为了防止获取令牌缓存,我总是使安卓应用程序中的令牌无效:
if (accessToken != null && !accessToken.isEmpty((( { GoogleAuthUtil.invalidateToken(AuthenticatorActivity.this, accessToken(; }
这是 php 代码:
if (!isset($_POST['google_access_token'])) {
throw new Exception('missing google_access_token');
}
$client = new 'Google_Client();
$client->setApplicationName("GiverHub");
$client->setClientId($this->config->item('google_client_id'));
$client->setClientSecret($this->config->item('google_client_secret'));
$client->setDeveloperKey($this->config->item('google_developer_key'));
$client->setRedirectUri($this->config->item('google_redirect_uri'));
$client->setScopes([
'https://www.googleapis.com/auth/plus.login',
'https://www.googleapis.com/auth/plus.me',
'email',
]);
try {
$client->authenticate($_POST['google_access_token']); // if i remove this the rest of the code below works! ...
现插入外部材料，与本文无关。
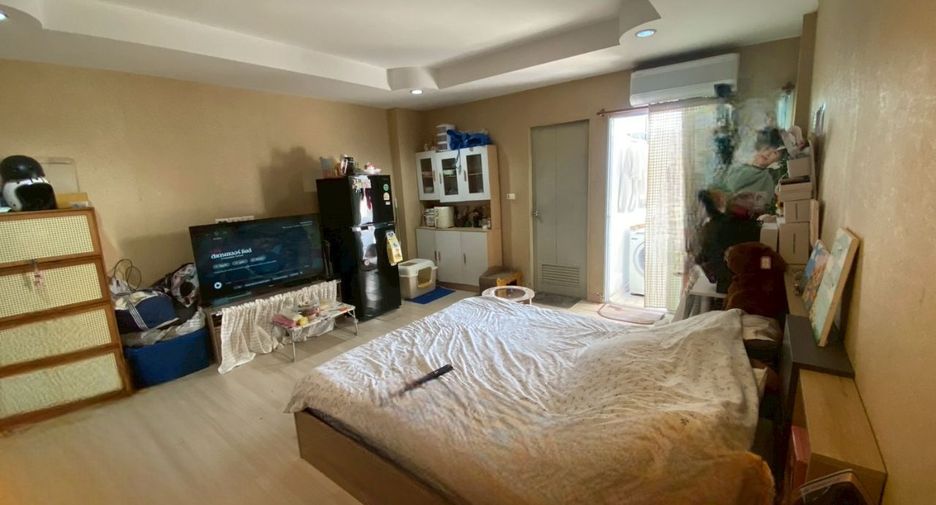 For sale 1 bed condo in Lat Phrao, Bangkok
$reqUrl = 'https://www.googleapis.com/oauth2/v1/tokeninfo?access_token='.$_POST['google_access_token'];
$req = new 'Google_Http_Request($reqUrl);
$io = $client->getIo();
$response = $io->executeRequest($req);
$response = $response[0];
$response = json_decode($response, true);
if ($response === null) {
throw new Exception('Failed to check token. response null');
}
if ($response['issued_to'] !== '466530377541-s7cfm34jpf818gbr0547pndpq9songkg.apps.googleusercontent.com') {
throw new Exception('Invalid access token. issued to wrong client id: '. print_r($response, true));
}
if (!isset($response['user_id'])) {
throw new Exception('Missing user_id');
}
if (!isset($response['email'])) {
throw new Exception('Missing email');
}
/** @var 'Entity'User $user */
$user = Common::create_member_google([
'id' => $response['user_id'],
'email' => $response['email'],
'given_name' => '',
'family_name' => '',
]);
$user->login($this->session);
if ($user instanceof 'Entity'User) {
echo json_encode( [ 'success' => true, 'user' => $user ] );
} else {
echo json_encode( [ 'success' => false, 'msg' => $user ] );
}
} catch(Exception $e) {
echo json_encode(['success' => false, 'msg' => $e->getMessage()]);
}
如果我删除 $client->authenticate((; 行,上面的代码有效...问题是我无法获得given_name/family_name等。只有来自令牌信息的电子邮件/google_user_id...
关于为什么密钥适用于令牌信息但不适用于身份验证的任何想法?
我已经尝试了许多不同的范围变体..在服务器端和安卓端..
$client->authenticate() 方法不能完全完成您要执行的操作。它从早期的 OAuth 事务中获取一次性代码,并将其交换为访问令牌。在你的例子中 - 你说你已经拥有访问令牌。
您应该能够调用$client->setAccessToken()来设置令牌,因此它可能看起来像
$client->setAccessToken($_POST['google_access_token']);
user158443建议我使用$client->setAccessToken((之后提出的解决方案;
// first json_encode the access token before sending it to $client->setAccessToken();
$json_encoded_access_token = json_encode([
'access_token' => $_POST['google_access_token'],
'created' => time(), // make up values for these.. otherwise the client thinks the token has expired..
'expires_in' => time()+60 // made up a value in the future...
]);
// and then set it
$client->setAccessToken($json_encoded_access_token);
// and then get userinfo or whatever you want from google api !! :)
$oauth2 = new 'Google_Service_Oauth2($client);
$user_info = $oauth2->userinfo->get();
注意:如果您在生产中,"模拟"我刚刚创建的expires_in和创建可能并不明智......您可能应该先调用 tokeninfo 并从那里获取过期时间......
注意:我仍然不知道如何为此获取刷新令牌...但我的用例不需要一个。